Ada apa di balik kucuran dana dari luar negeri kepada sejumlah lembaga swadaya masyarakat (LSM), perguruan tinggi, dan instansi pemerintah agar mereka mengampanyekan antirokok di Indonesia? Vide: http://www.jpnn.com/read/2016/08/22/462536/Wow-Inilah-Penerima-Dana-Asing-untuk-Kampanye-Antirokok.

Di tengah gencarnya kampanye antirokok di Tanah Air, muncul wacana penaikan harga rokok hingga Rp50 ribu per bungkus. Sontak publik pun ada yang pro dan kontra. Ribuan petani tembakau Kabupaten Temanggung pun berunjuk rasa menolak usulan penaikan harga rokok di halaman Gedung DPRD Kabupaten Temanggung, Selasa (23/8). Mereka beranggapan pertembakauan akan menjadi permasalahan, tidak hanya di tingkat kabupaten/kota, tetapi juga nasional. Pasalnya, harga rokok yang relatif tinggi akan berdampak pada penurunan permintaan rokok yang akan berujung pada pengurangan tenaga kerja di pabrik. Tidak pelak lagi, angka pengangguran pun bertambah.

Sebelumnya, Studi Pusat Kajian Ekonomi dan Kebijakan Kesehatan Fakultas Kesehatan Masyarakat, Universitas Indonesia, melakukan survei terhadap 1.000 orang dari 22 provinsi dengan tingkat penghasilan di bawah Rp1 juta sampai di atas Rp20 juta. Hasilnya, sebanyak 82 persen responden menyetujui penaikan harga rokok untuk mendanai jaminan kesehatan nasional (JKN).

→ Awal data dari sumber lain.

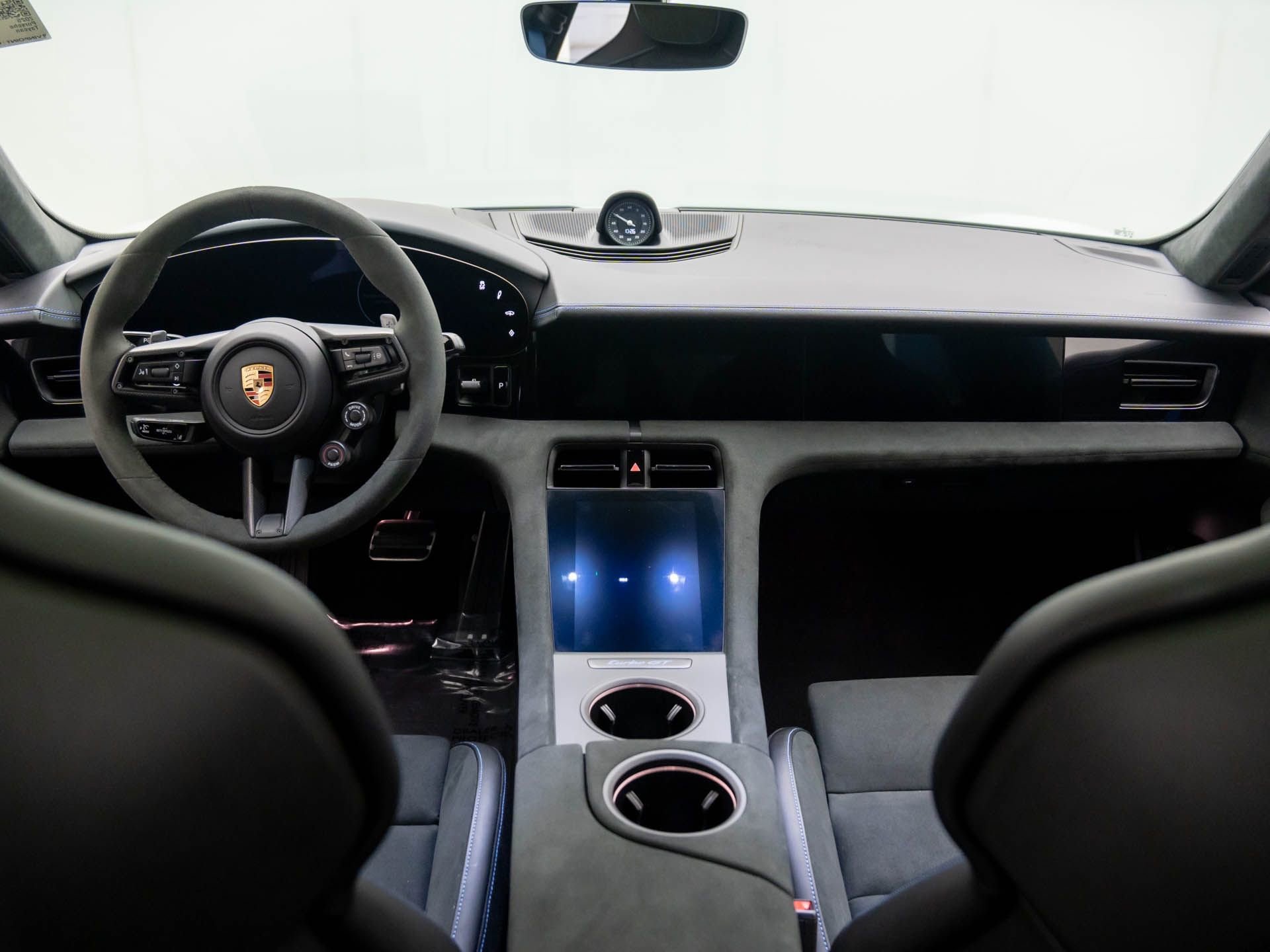 Certified 2025 Porsche Taycan Turbo GT image 11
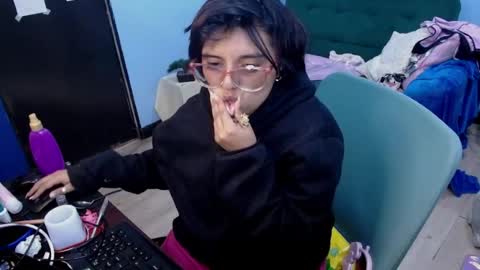 Snapshot of ohmysqueak chatting on 07-05-26, 03:41 ohmysqueak online show from 07-05-26, 03:41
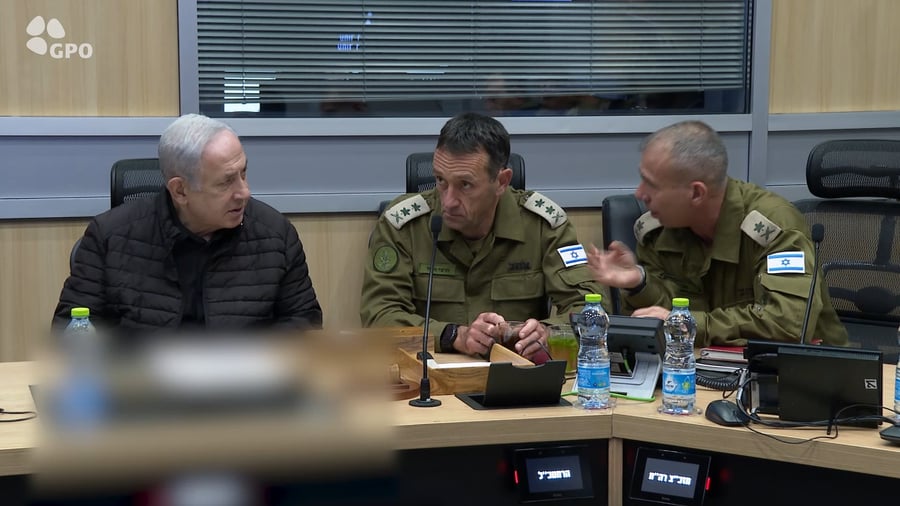 נתניהו עם הצמרת הביטחונית בקריה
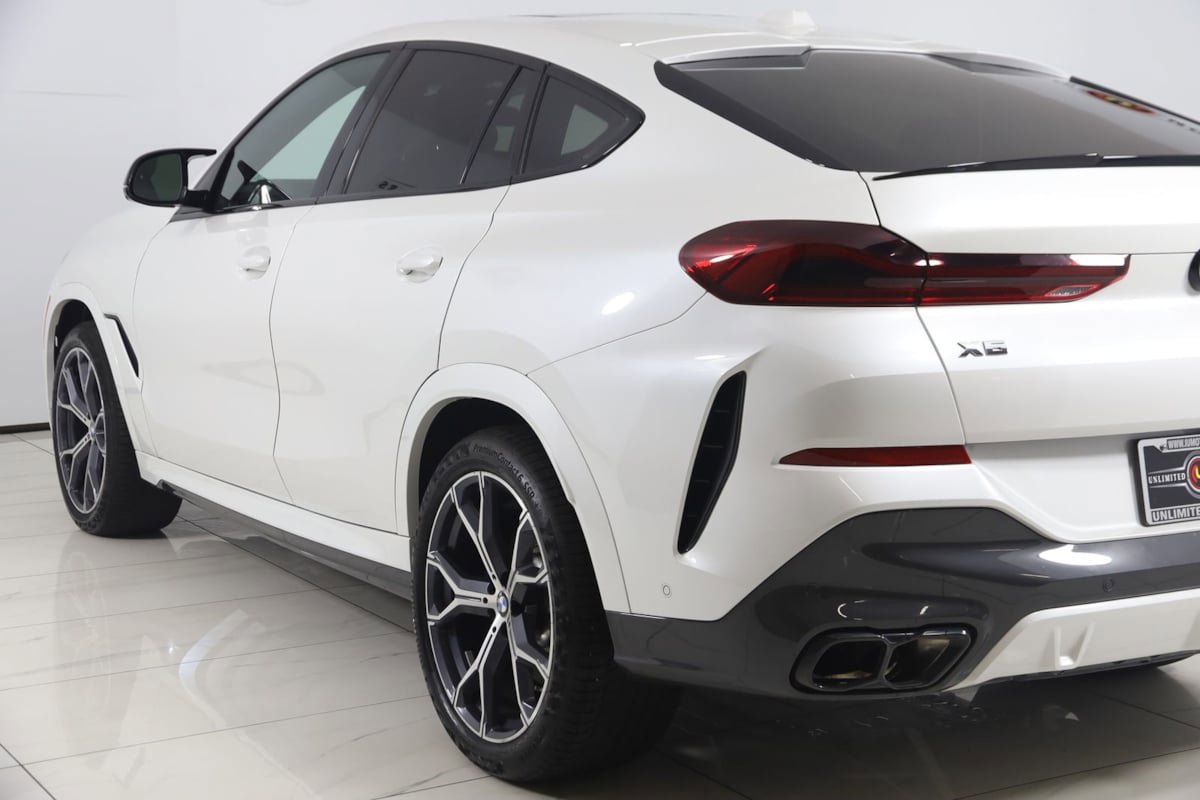 Used 2026 BMW X6 M60i AWD/4WD image 27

Bahkan, sebanyak 72 persen dari total responden itu menyatakan akan berhenti merokok jika harga satu bungkusnya di atas Rp50 ribu.

Dengan harga sebesar itu, di satu sisi bertujuan mengurangi jumlah perokok, di sisi lain Pemerintah—sebagaimana pernyataan Direktur Jenderal Bea dan Cukai Heru Pambudi yang tersiar di sejumlah media—untuk menambah pemasukan sekaligus melindungi kesehatan masyarakat. Khusus cukai rokok, persentasenya melebihi target yang termaktub dalam Undang-Undang Perubahan atas UU Anggaran Pendapatan dan Belanja Negara (APBNP) 2015, yakni 100,3 persen. Adapun penerimaan dari kepabeanan dan cukai dengan perincian: sebesar Rp31,9 triliun dari bea masuk, Rp144,6 triliun dari cukai, dan Rp3,9 triliun dari bea keluar. Target penerimaan dari bea dan cukai dalam APBNP 2015 sebesar Rp195 triliun. Disebutkan pula, sebanyak 96,4 persen dari penerimaan cukai disumbangkan dari cukai rokok (Rp139,5 triliun).

Jika kampanye antirokok yang mendapat sokongan dari pihak asing itu berhasil mengurangi jumlah perokok, penerimaan cukai yang nilainya ratusan triliun rupiah itu pun kemungkinan besar berkurang seiring dengan menurunnya tingkat produksi pabrik rokok di Tanah Air. Pemerintah patut mempertimbangkan kembali terkait dengan wacana penaikan harga rokok yang fantastis itu. Setelah tidak adanya kontribusi dari cukai, Pemerintah bisa menjamin APBN tetap sehat? Ada tidak kompensasi bagi rakyat Indonesia yang kehilangan pekerjaan gara-gara pabrik rokok gulung tikar? Langkah apa saja guna membendung impor rokok?

Sejumlah LSM, perguruan tinggi, dan instansi pemerintah yang gencar mengampanyekan antirokok tampaknya secara gradual "mematikan" industri rokok di Tanah Air atau menggunakan ungkapan yang lebih halus (eufemisme) "membatasi produksi rokok nasional secara bertahap". Apa pun istilahnya, dalam kurun waktu 5 tahun, sebanyak 4.300 pabrik tutup (vide: http://www.kretek.co/index.php/2016/06/01/dalam-5-tahun-pemerintah-tutup-4-300-pabrik).

Bupati Kudus H. Musthofa—saat menjadi salah satu narasumber di program Indonesia Lawyers Club (ILC) di TVOne, Selasa (23/8)—mengkritisi rencana penaikan harga rokok tersebut. Musthofa menegaskan bahwa warganya bakal menderita bila harga rokok mengalami penaikan. Pasalnya, sekitar 12 persen dari total penduduk Kabupaten Kudus adalah pekerja pabrik rokok. Tidak mengherankan bila Musthofa menekankan, "Jangan sampai rakyat kami menjadi pengangguran karena adanya penaikan rokok yang begitu tinggi."